● Material provided:

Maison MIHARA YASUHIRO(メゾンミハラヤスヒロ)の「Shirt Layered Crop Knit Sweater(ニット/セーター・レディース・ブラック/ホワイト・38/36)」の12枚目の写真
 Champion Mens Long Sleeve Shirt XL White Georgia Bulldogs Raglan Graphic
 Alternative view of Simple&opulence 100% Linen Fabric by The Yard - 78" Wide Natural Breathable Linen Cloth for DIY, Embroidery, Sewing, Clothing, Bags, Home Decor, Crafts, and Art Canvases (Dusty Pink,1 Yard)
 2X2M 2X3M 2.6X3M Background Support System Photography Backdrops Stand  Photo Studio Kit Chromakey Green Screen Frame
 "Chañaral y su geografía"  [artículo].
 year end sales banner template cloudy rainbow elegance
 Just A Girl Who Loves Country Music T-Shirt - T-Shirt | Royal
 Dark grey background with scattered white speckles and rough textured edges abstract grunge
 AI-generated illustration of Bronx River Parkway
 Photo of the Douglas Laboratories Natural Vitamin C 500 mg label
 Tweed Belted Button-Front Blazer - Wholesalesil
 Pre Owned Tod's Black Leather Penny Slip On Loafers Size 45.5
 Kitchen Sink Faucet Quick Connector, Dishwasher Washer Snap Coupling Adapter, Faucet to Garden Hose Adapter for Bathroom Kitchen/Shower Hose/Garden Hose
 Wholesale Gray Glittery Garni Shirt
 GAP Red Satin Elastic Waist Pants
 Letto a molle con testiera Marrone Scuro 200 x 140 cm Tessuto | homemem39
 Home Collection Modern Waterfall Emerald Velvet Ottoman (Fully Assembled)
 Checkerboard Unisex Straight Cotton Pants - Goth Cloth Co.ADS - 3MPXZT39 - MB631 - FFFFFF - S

● What is needed: Across all the lines of the data, count those that include the word "Shirt" and reply with that number only.

● Response for this exercise: 4